Sunday, May 16, 2010
The Graduate. A
'The Graduate' is a classic and even if it's most appreciated by the people who saw it back in '67, I still love as a member of this generation. Some people have commented on how it's outdated and that the themes in it aren't nearly as resonant or relevant new as they were back then. If you read Roger Ebert's four star review of the film upon its release, he raved about how it was the year's funniest movie. When 'The Graduate' was restored and put back in theaters in 1997, Ebert still gave it a positive review, but wasn't nearly as enthusiastic as he had been before. Ebert claimed that it was 'stranded in an earlier age.' I admit that the movie is very sixties and that it's about that time period when young adults didn't really have any direction in life. So they rebelled. That's what the climax of the movie signifies. Is that final scene over-the-top? Absolutely. But it's also making a statement about life in that time.
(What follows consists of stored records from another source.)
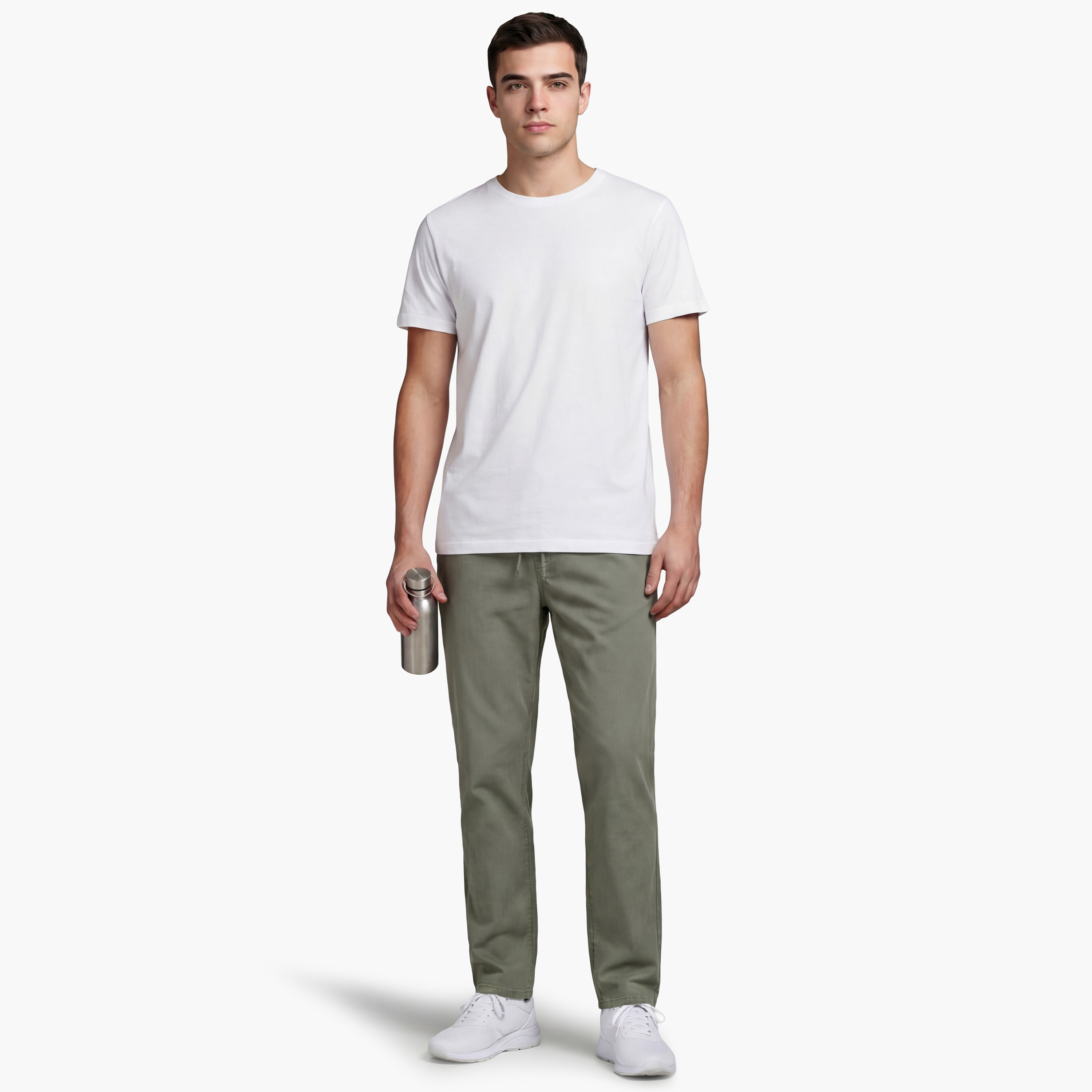 بنطلون رياضي (جوغر) رجالي جاك آند جونز سادة برباط شد وخصر متوسط الارتفاع-men-clothing-bottoms-joggers-image-8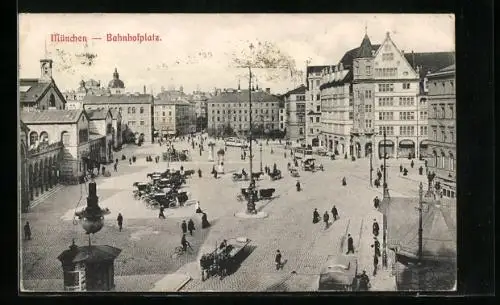 AK München, Partie am Bahnhofsplatz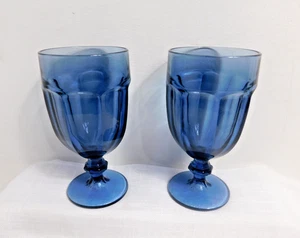 J7 - Libbey USA Gibralter Duratuff Cobalt Blue Iced Tea Goblets Lot of 2 - Picture 1 of 6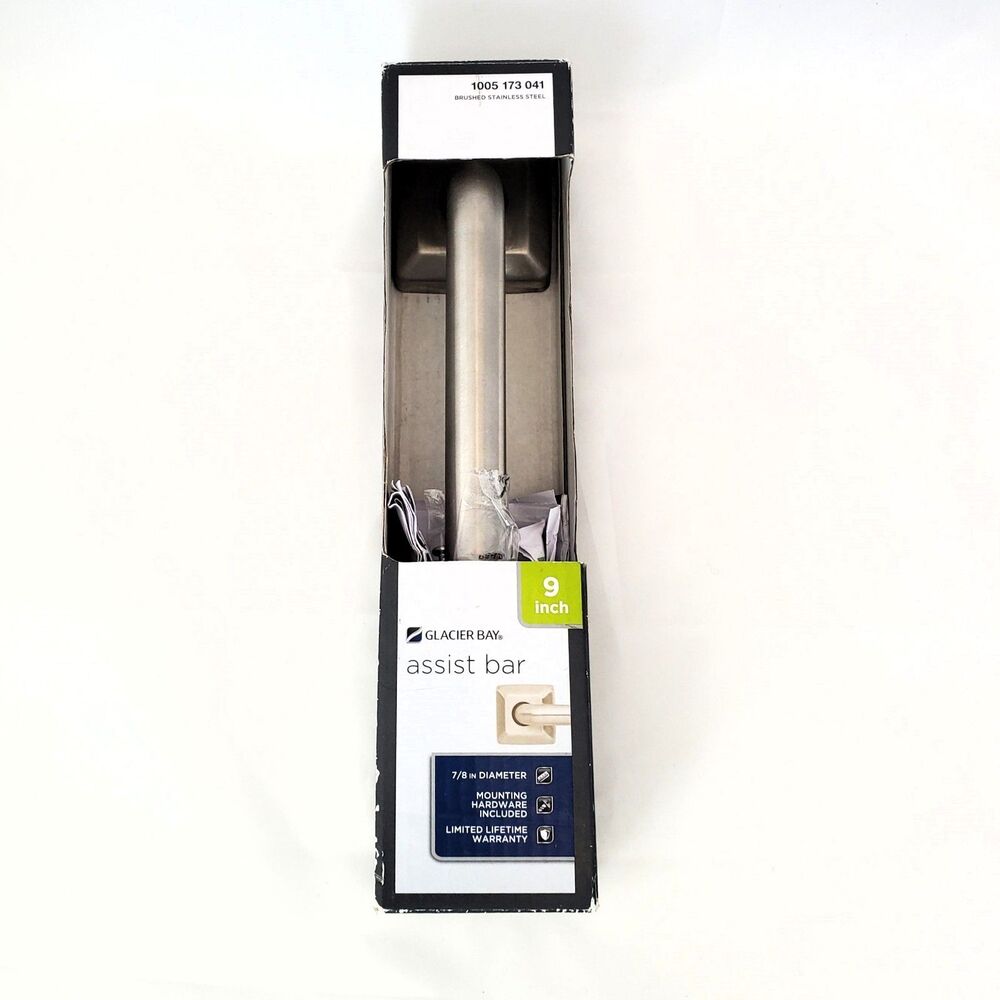 GLACIER BAY Assist Grab Bar 9" Brushed Stainless Safety Concealed Screw Mount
Apparently the bus that Dustin Hoffman and Katherine Ross ride off in wasn't included in the script. While they were shooting it happened to be in the vicinity, so director Mike Nichols just decided to get his people on it and end the movie that way. And even if the film is for a past generation, it's still brilliantly acted with a great script filled with awkward humor and real drama. And that Mrs. Robinson is a particularly nasty piece of work. In Ebert's 1997 review he thought otherwise. He ridiculed her daughter, made Hoffman's character Ben sound like a complete doof, and gave significant sympathy to that nasty piece of work. Ebert and I are clearly on a different page with this one. But I will agree with him that Anne Bancroft, who plays Mrs. Robinson, is very attractive. Then again it's not a surprise. She was only 36 when the movie was made.